Stored records
Segment Open

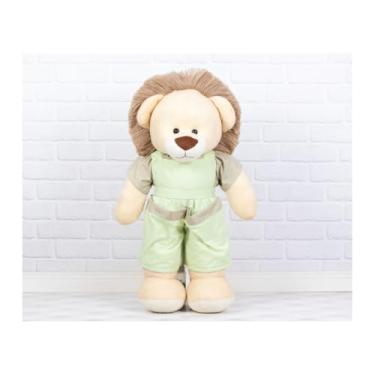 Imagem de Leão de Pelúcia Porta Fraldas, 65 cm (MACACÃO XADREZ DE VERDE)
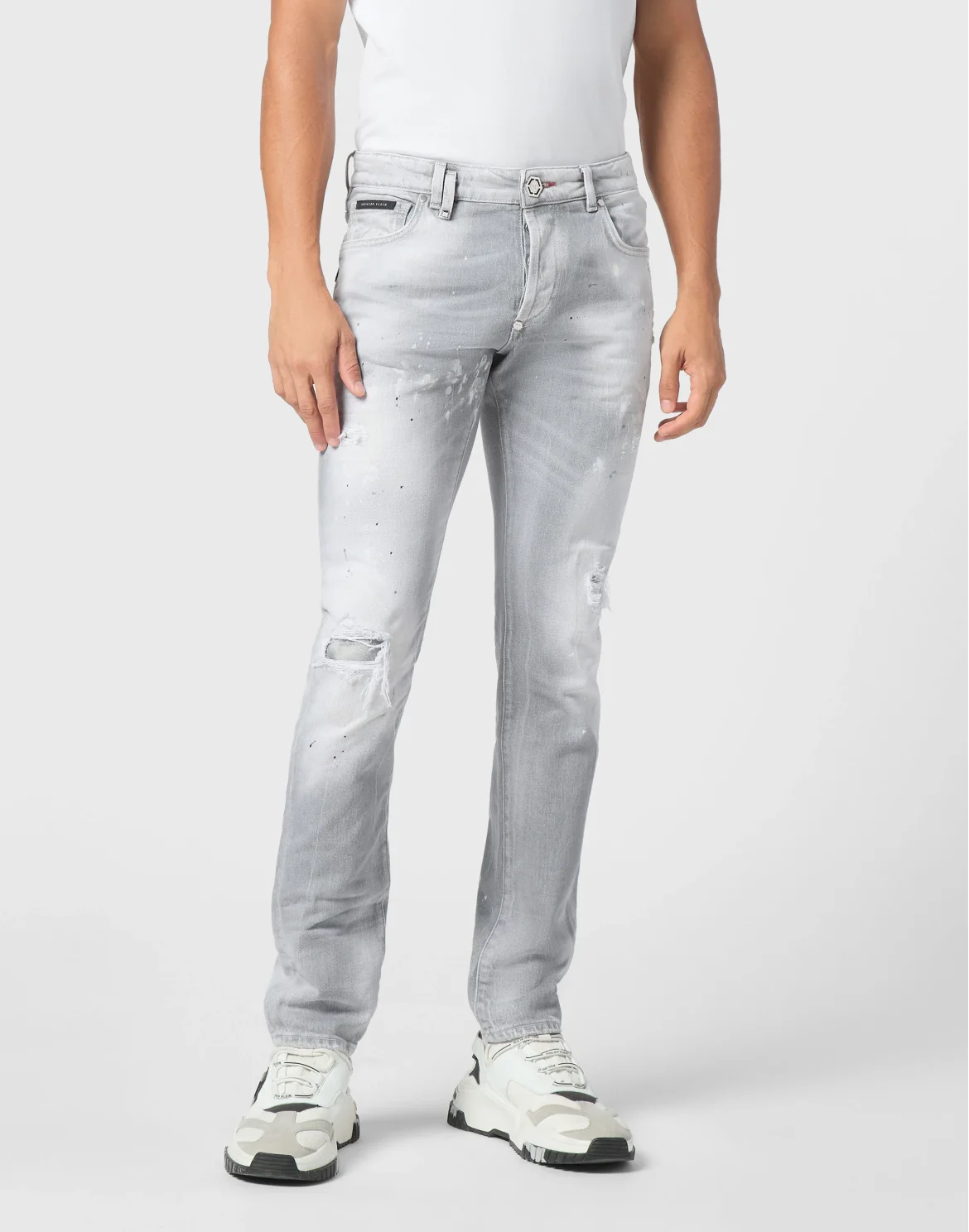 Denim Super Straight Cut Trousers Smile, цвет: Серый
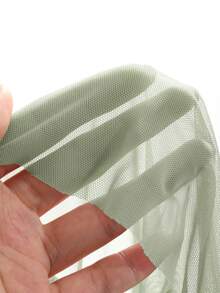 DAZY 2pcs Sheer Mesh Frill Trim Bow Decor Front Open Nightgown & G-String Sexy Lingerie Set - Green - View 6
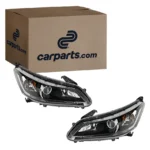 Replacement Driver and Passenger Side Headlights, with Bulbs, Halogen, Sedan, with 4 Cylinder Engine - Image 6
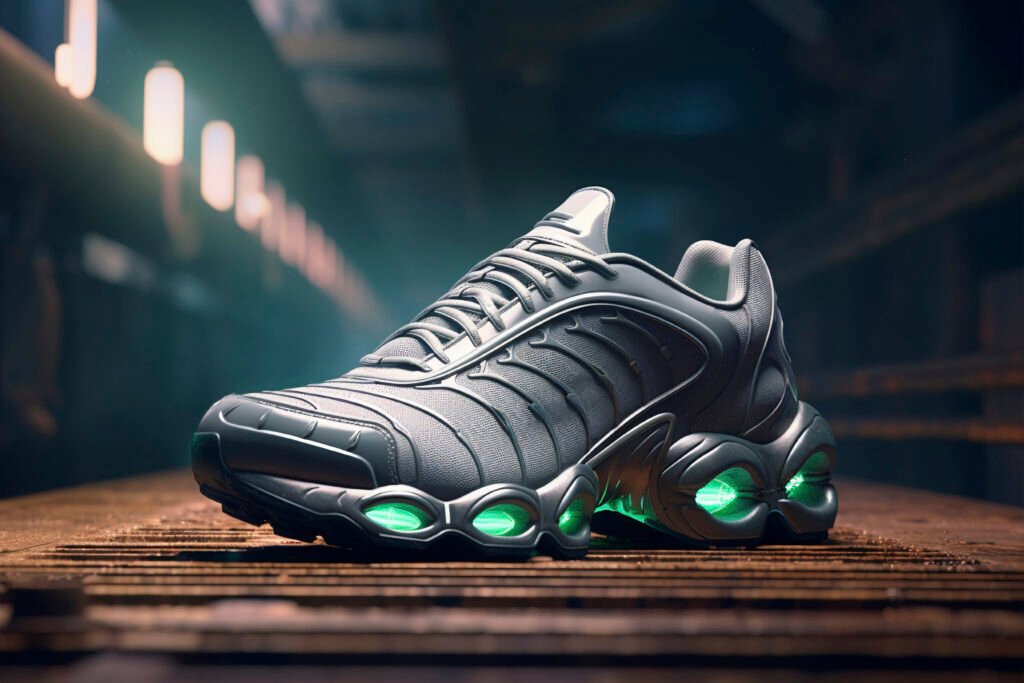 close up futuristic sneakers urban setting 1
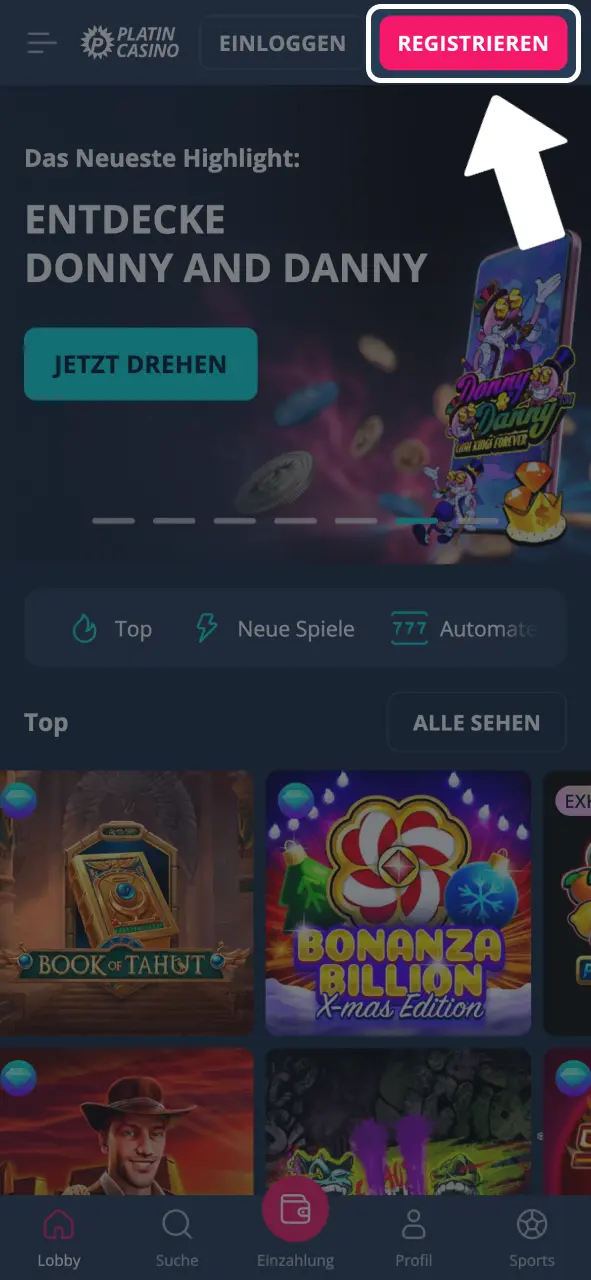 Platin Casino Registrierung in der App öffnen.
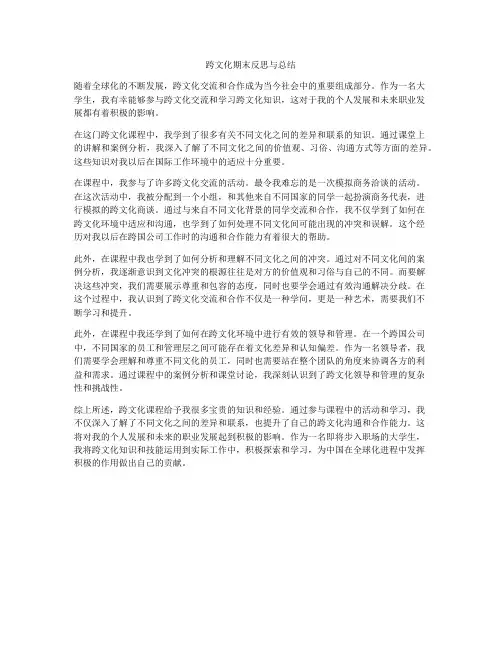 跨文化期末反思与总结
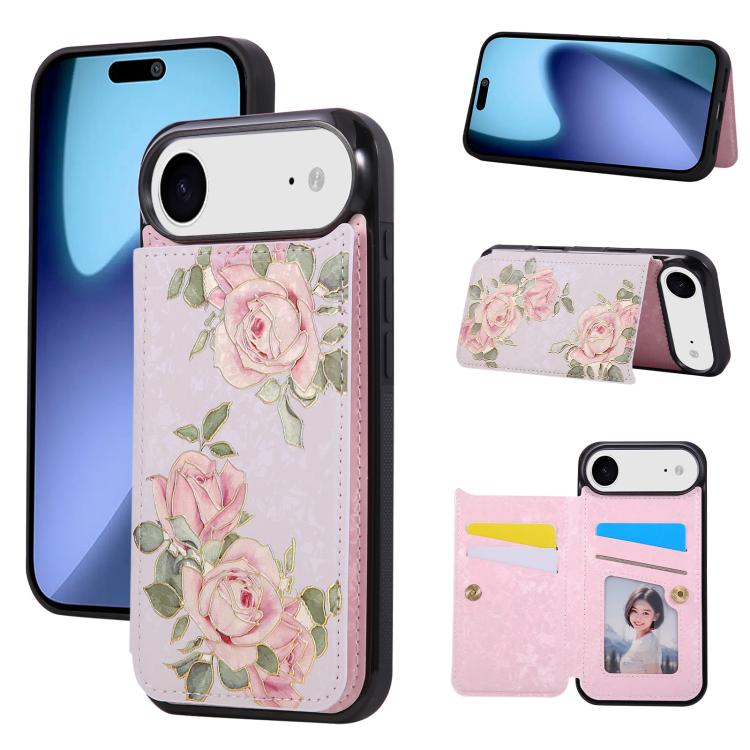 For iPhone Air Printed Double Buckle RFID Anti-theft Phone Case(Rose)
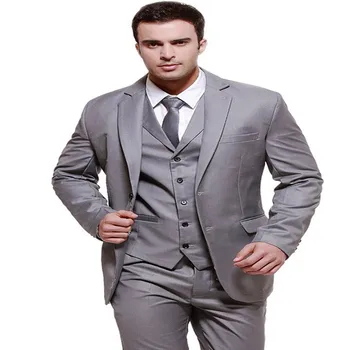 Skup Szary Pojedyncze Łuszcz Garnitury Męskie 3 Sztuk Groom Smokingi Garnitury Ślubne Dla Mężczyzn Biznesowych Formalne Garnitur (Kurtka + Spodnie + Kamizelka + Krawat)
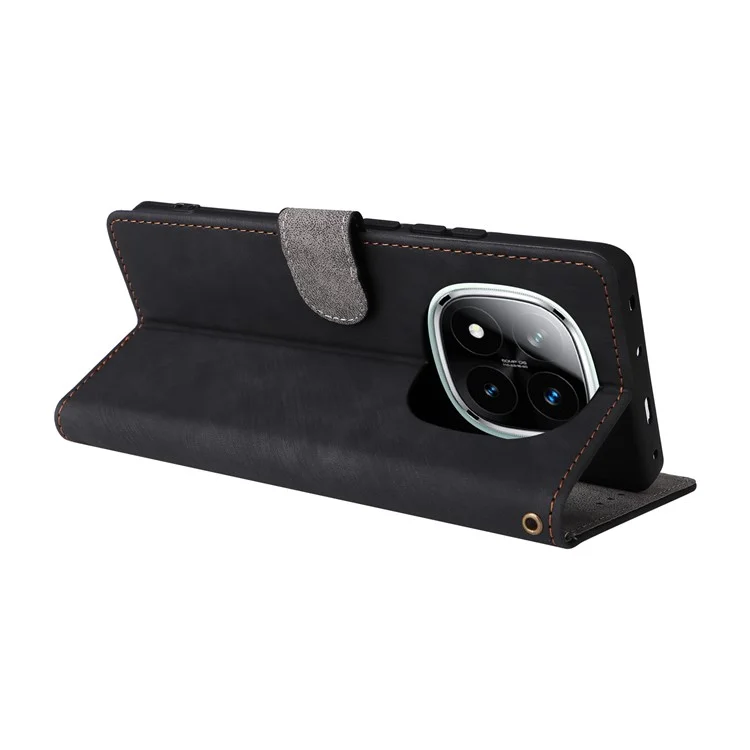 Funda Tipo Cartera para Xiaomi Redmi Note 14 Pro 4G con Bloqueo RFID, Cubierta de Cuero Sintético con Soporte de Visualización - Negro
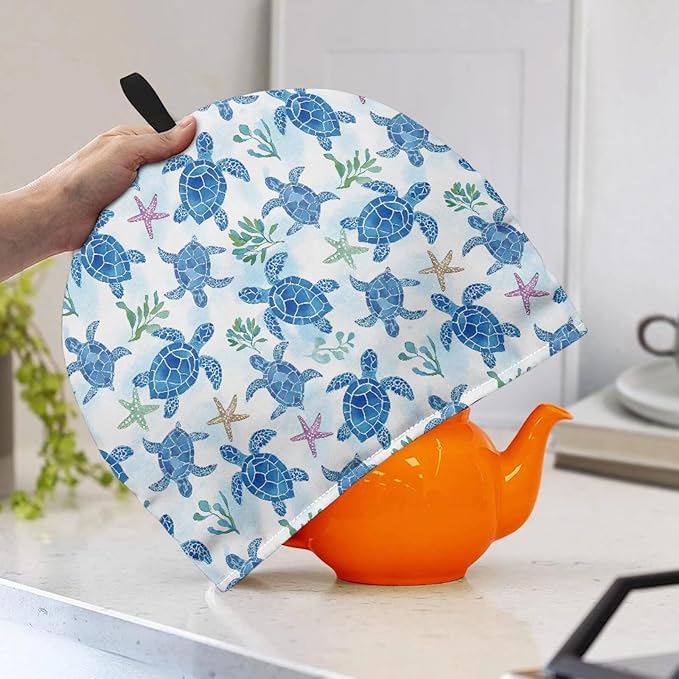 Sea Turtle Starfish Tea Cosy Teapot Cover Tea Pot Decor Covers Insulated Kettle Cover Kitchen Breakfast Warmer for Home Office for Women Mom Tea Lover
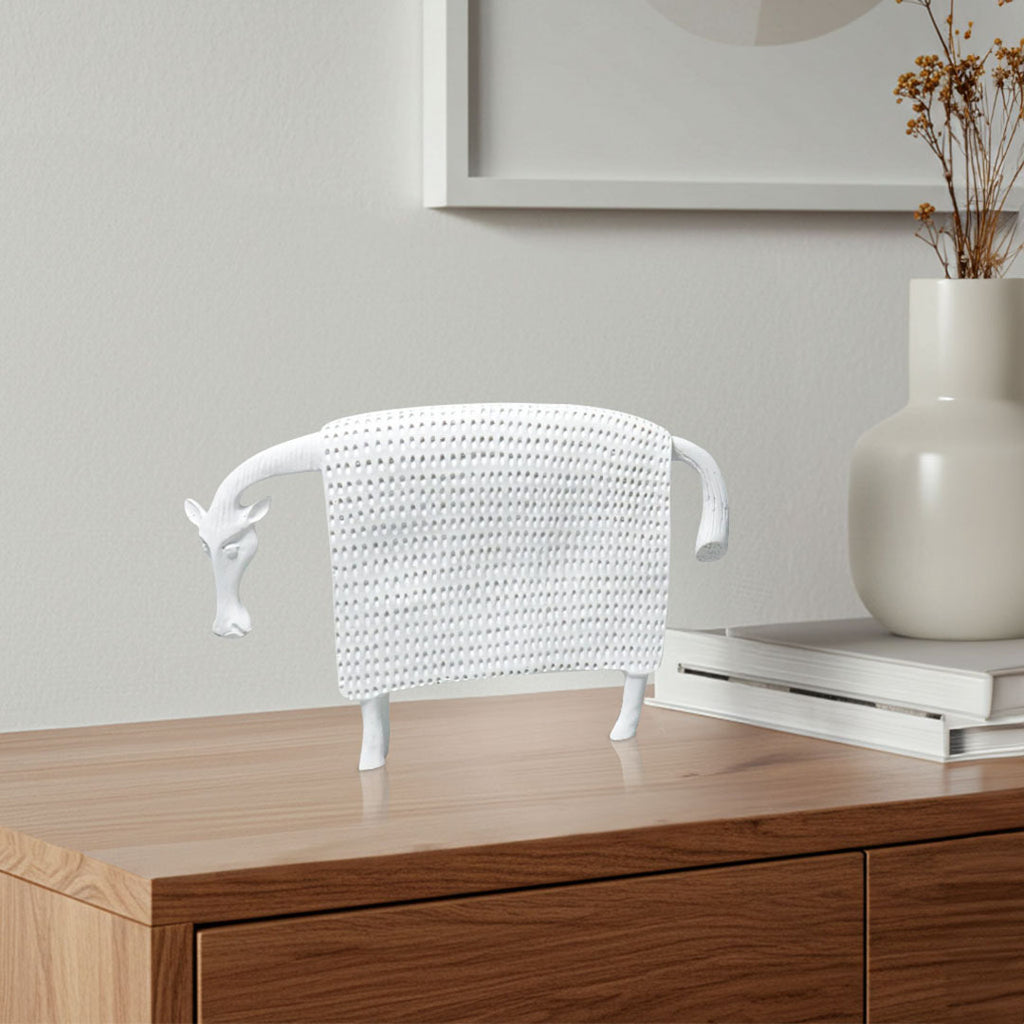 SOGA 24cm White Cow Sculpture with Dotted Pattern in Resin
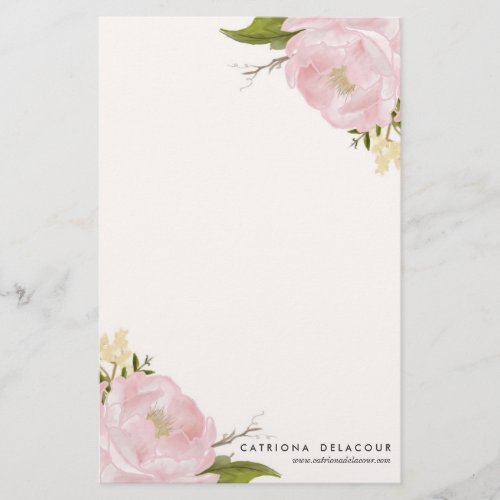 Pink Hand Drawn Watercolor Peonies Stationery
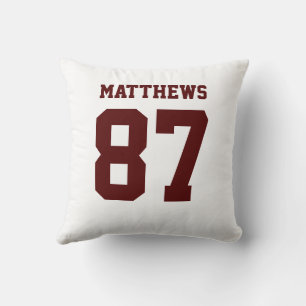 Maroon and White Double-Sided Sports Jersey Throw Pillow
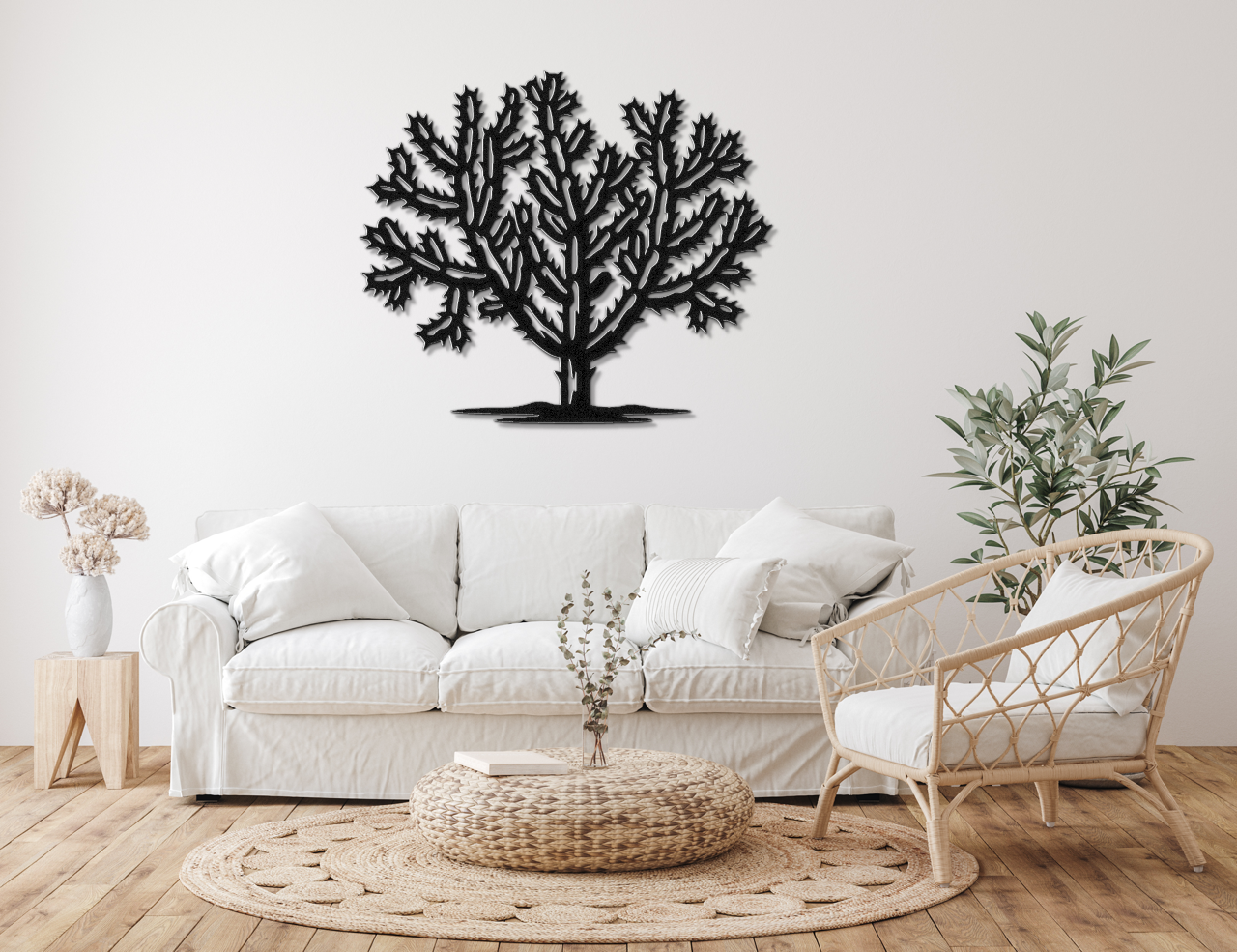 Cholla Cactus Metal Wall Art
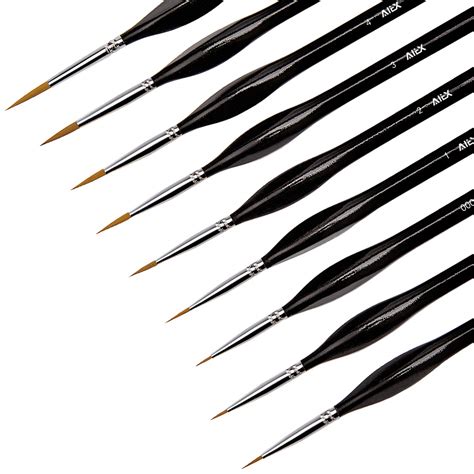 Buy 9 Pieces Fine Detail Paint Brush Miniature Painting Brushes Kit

Segment Closed

Word for word, give again the lines from the line with "Cholla Cactus Metal Wall Art" through the end of the records above, with both ends included and the pictures left out.

* **Answer section**:
 Cholla Cactus Metal Wall Art
 Buy 9 Pieces Fine Detail Paint Brush Miniature Painting Brushes Kit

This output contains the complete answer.